Parties, learn to live with top-two primary

Washington voters knew what they were doing in 2004 when they created the “top-two” primary: They were taking control of their own election system.

Now that the U.S. Supreme Court has affirmed that choice by a 7-2 margin, the state political parties should respect it by working with election officials to help craft reasonable rules for operating the new system. By working within the new framework rather than continuing to fight it, they’ll be honoring the independence valued so deeply by a majority of Washingtonians.

The top two primary was intended to replace the blanket primary that voters created in 1935, but lost in 2003 after a similar system in California was declared unconstitutional. Washington voters, by and large, were angry about losing their blanket primary, which allowed them to vote for a Democrat in one race and a Republican in another. It encouraged candidates to appeal to independent voters, often by favoring practical positions over sharply ideological ones. As a result, our state spawned a long line of constructive leaders from both parties who were willing to reach across party lines and forge compromise.

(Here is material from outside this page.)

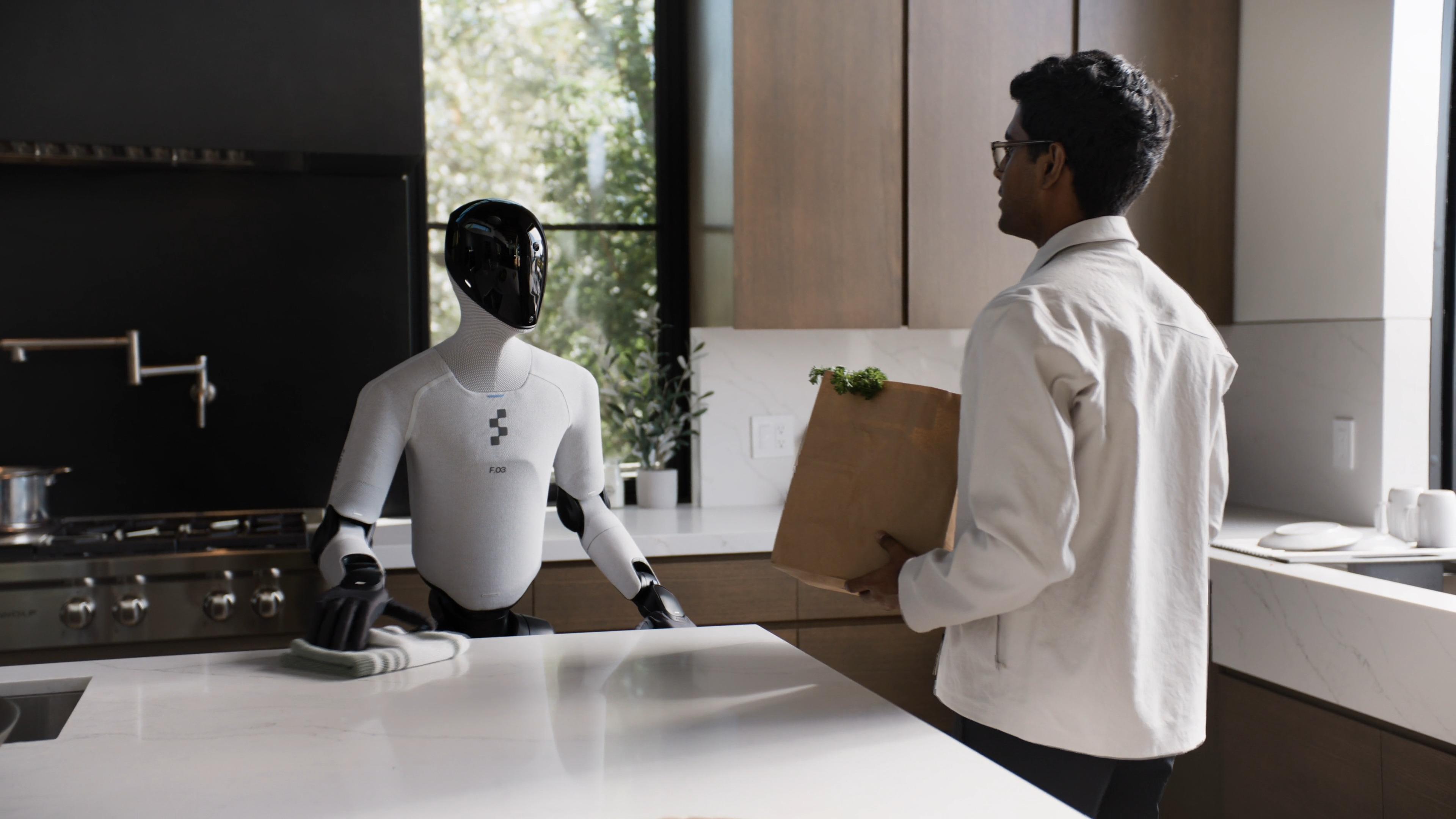 ロボさん専用 カワダロボティクスとリンクス、ヒト型ロボットによるAI検査デモを期間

In other words, they got things done.

The top-two system, like the blanket primary, allows voters to cross party lines on the ballot. To pass constitutional muster, though, it is designed not to be a party nominating process, but a filtering process: the top two vote-getters in each race advance to the general election, regardless of party.

Two candidates from the same party could face each other in the general, but that would be rare — and not necessarily a bad thing. The most liberal areas of Seattle, for example, might be best served by choosing between two Democrats. The same could be true for Republicans in other parts of the state.

The parties challenged the top-two system and won in the lower courts, but the Supreme Court on Tuesday ruled against them. The top-two primary will be in place this August, and rules for it need to be in place by the start of candidate filing on June 2. (Can parties note their “favored” candidate on the ballot? In the voters’ pamphlet? If only two candidates file for a partisan office, do they appear on the primary ballot or just on the general?) Those rules need to be crafted in a way that prevents a successful court challenge by the parties. The best way to start is to involve them, as Secretary of State Sam Reed says he will.

The parties want control over the primary system, but the nation’s highest court has affirmed that it belongs to the people. In the coming weeks, election officials must take care to adopt rules that will keep it that way.